#### [What to do]
Line by line, transcribe the data below exactly and pass over the images.

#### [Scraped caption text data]
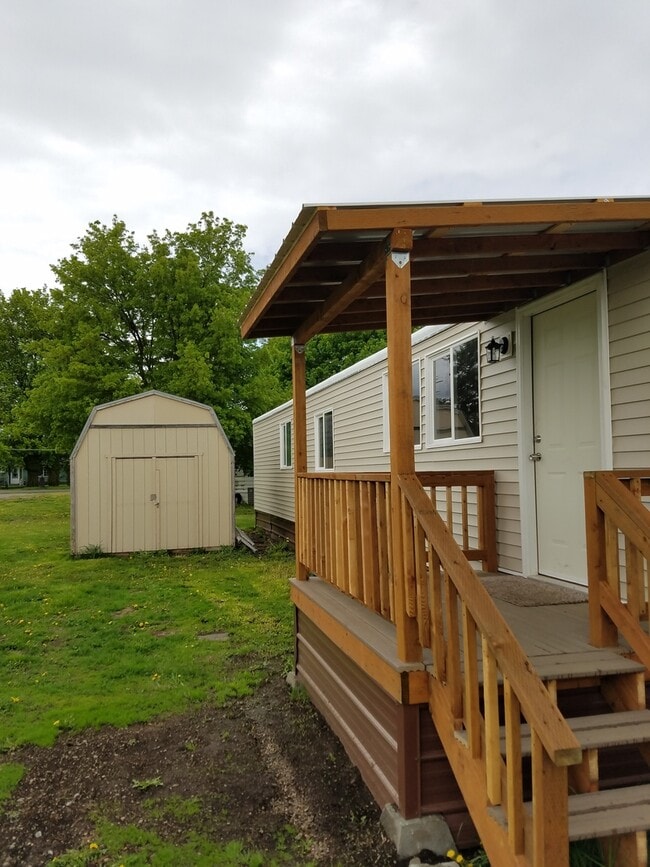 745 E Cozy Acres Ln in Hayden, ID - Building Photo - Building Photo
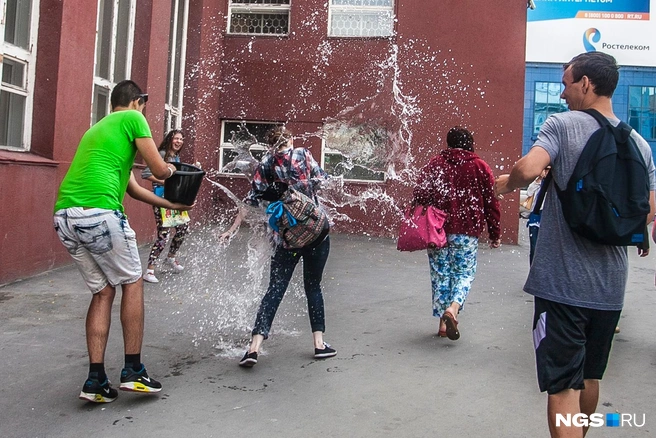 Как бы вы отреагировали, если бы на вас обрушили ведро ледяной воды? | Источник: Татьяна Кривенко / NGS.RU 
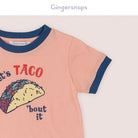 جينجرسنابس تي شيرت بناتي بطبعة تاكو أحمر بنفسجي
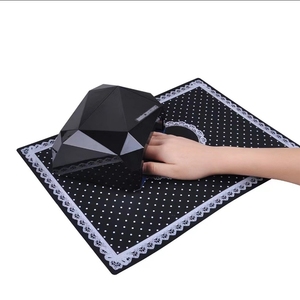 Tapis de manucure pliable en silicone lavable antidérapant, résistant à la corrosion, pour table individuelle, coussin multifonctionnel pour salon, support d'outils - Product Image 3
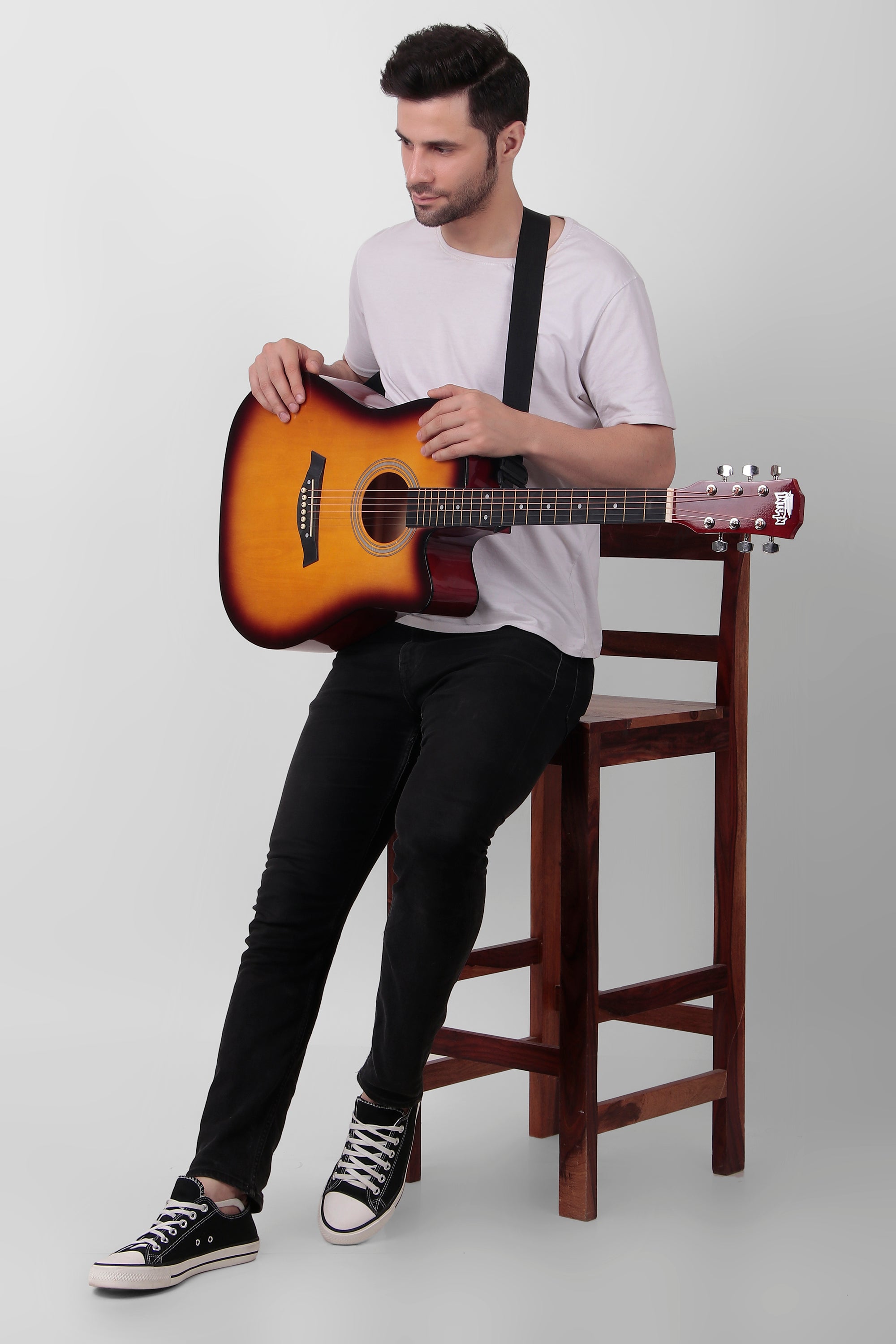 Intern 41 Inch Acoustic Guitar Set - Sunbrust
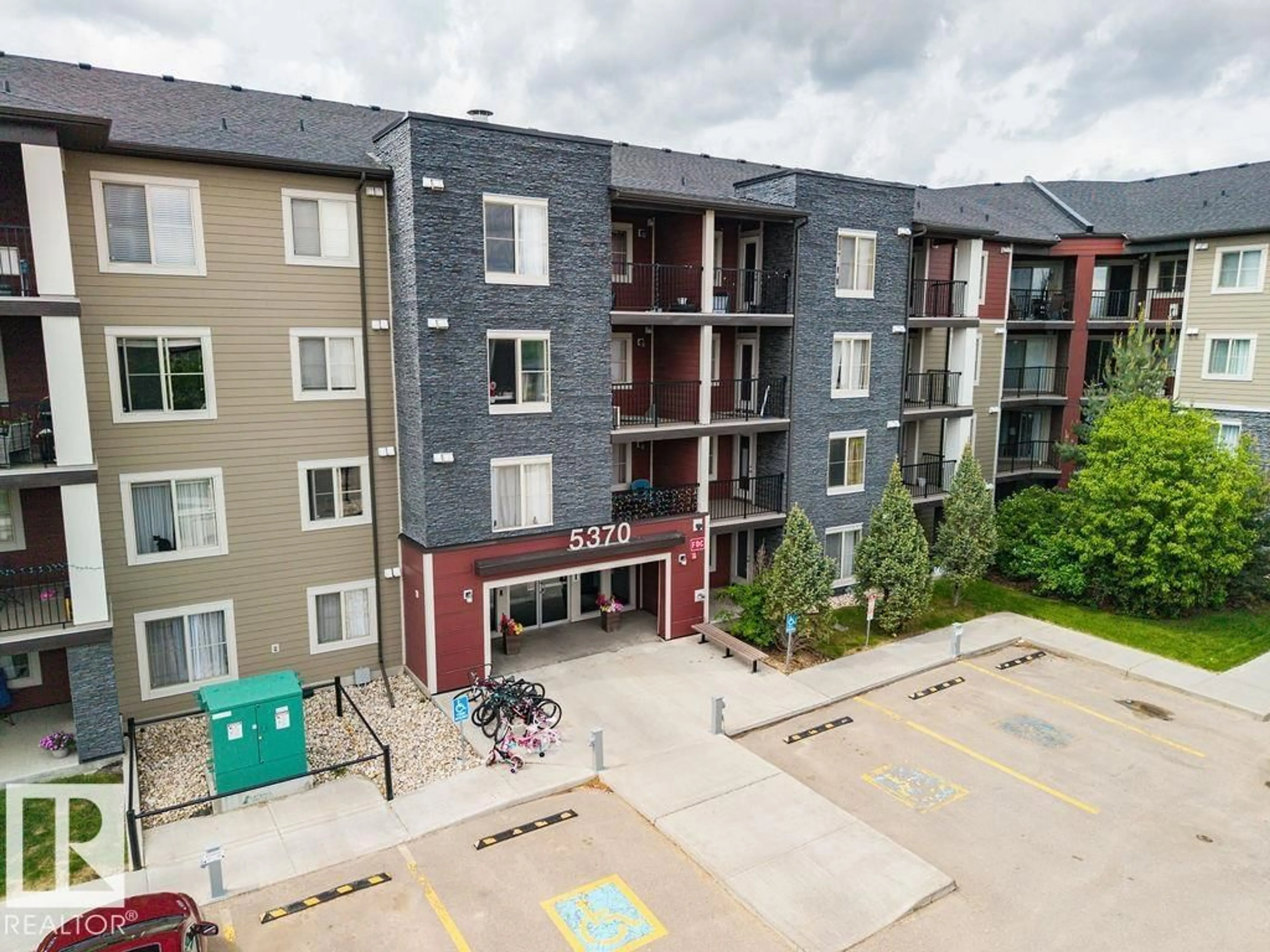 A pic from outside/outdoor area/front of a property/back of a property/a pic from drone, unknown for 5370 - 210 CHAPPELLE RD, Edmonton Alberta T6W3L5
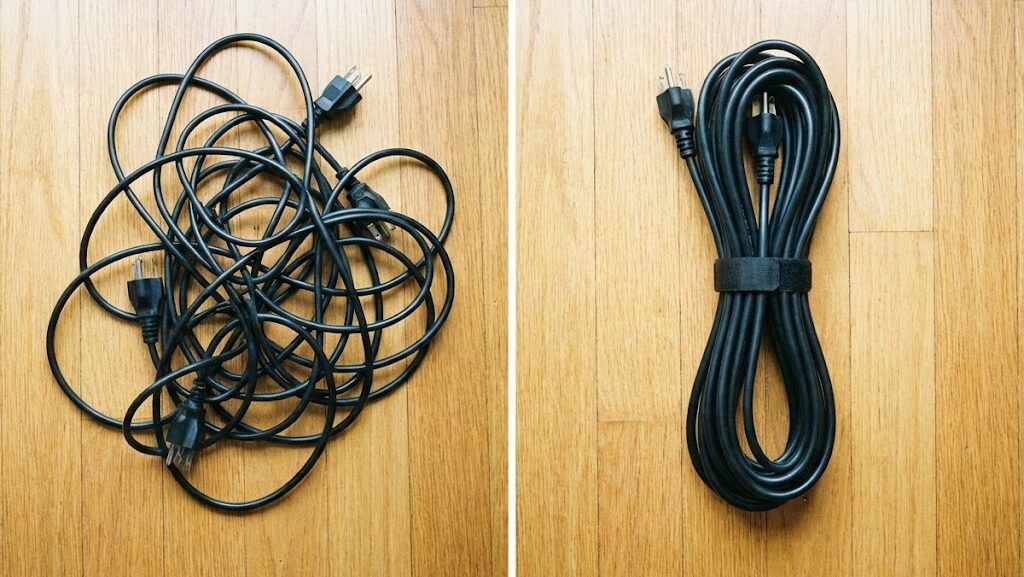束ねていない延長コードと床に伸ばした状態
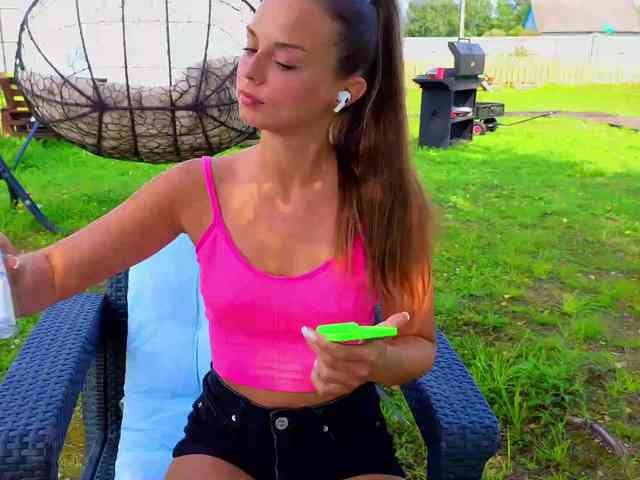 misss-vikki webcam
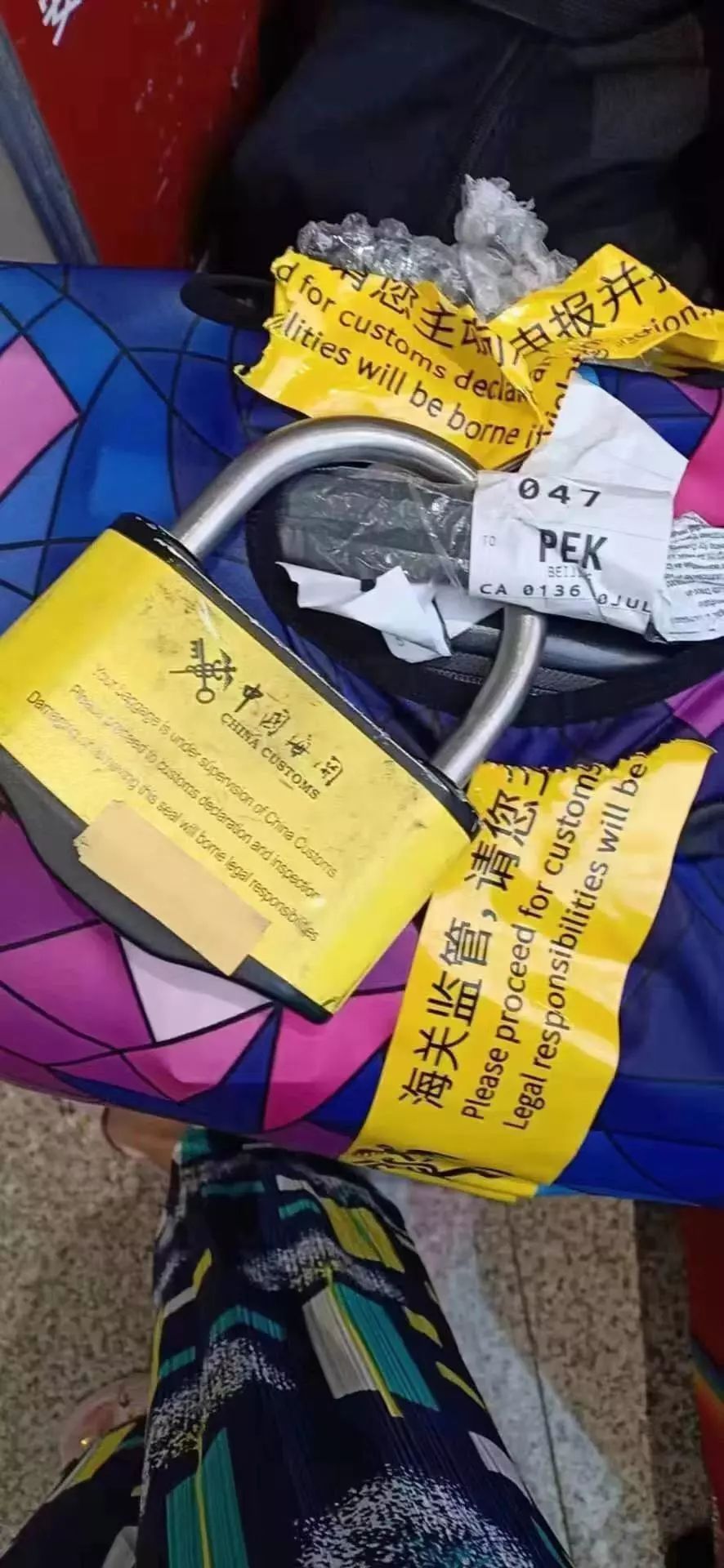 一下飞机行李就被打封条上锁?国内海关新操作:严查这类行李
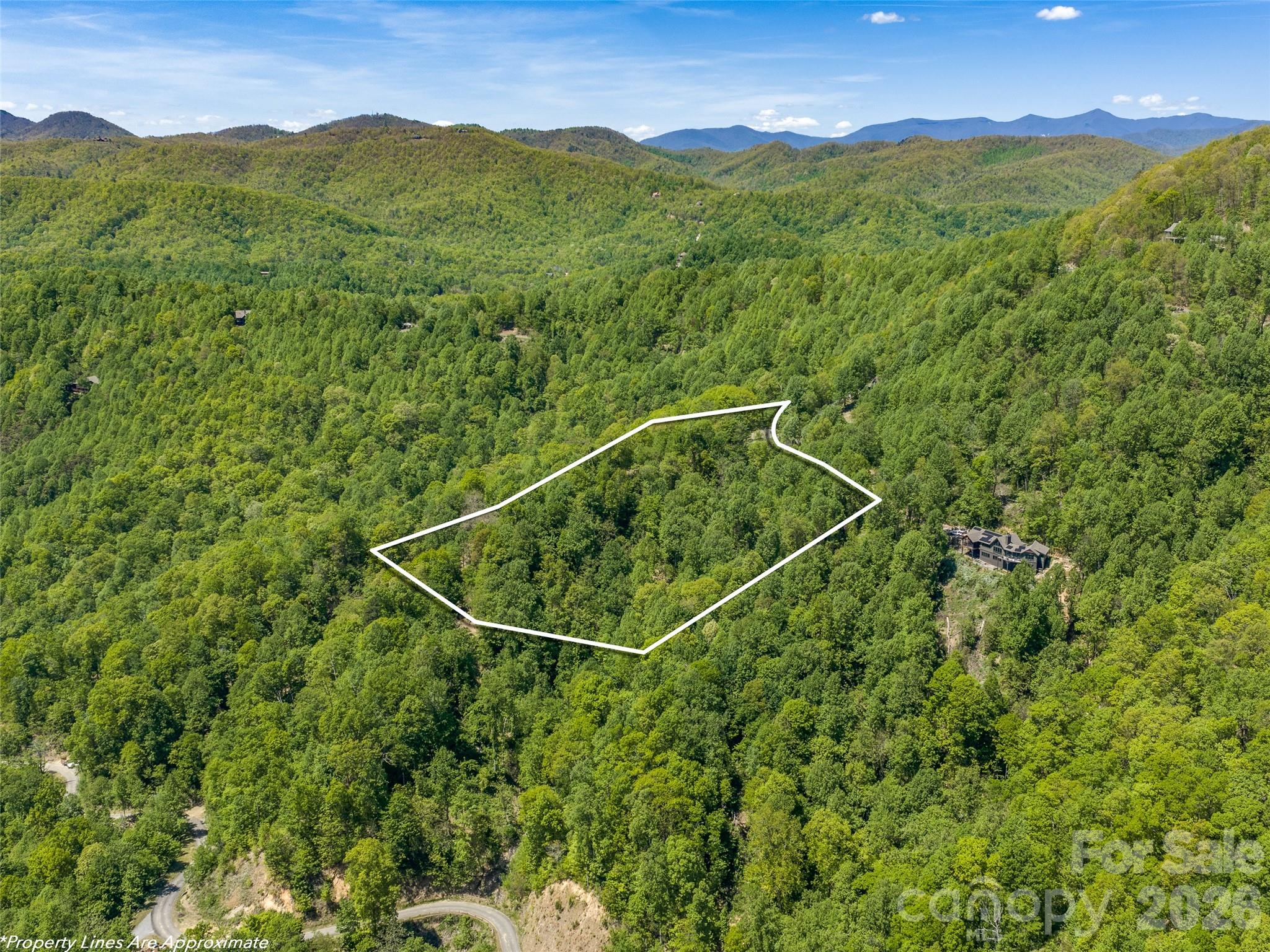 488 Warbler Lane, Black Mountain, photo 2 of 8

#### [The answer]
 745 E Cozy Acres Ln in Hayden, ID - Building Photo - Building Photo
 Как бы вы отреагировали, если бы на вас обрушили ведро ледяной воды? | Источник: Татьяна Кривенко / NGS.RU 
 جينجرسنابس تي شيرت بناتي بطبعة تاكو أحمر بنفسجي
 Tapis de manucure pliable en silicone lavable antidérapant, résistant à la corrosion, pour table individuelle, coussin multifonctionnel pour salon, support d'outils - Product Image 3
 Intern 41 Inch Acoustic Guitar Set - Sunbrust
 A pic from outside/outdoor area/front of a property/back of a property/a pic from drone, unknown for 5370 - 210 CHAPPELLE RD, Edmonton Alberta T6W3L5
束ねていない延長コードと床に伸ばした状態
 misss-vikki webcam
 一下飞机行李就被打封条上锁?国内海关新操作:严查这类行李
 488 Warbler Lane, Black Mountain, photo 2 of 8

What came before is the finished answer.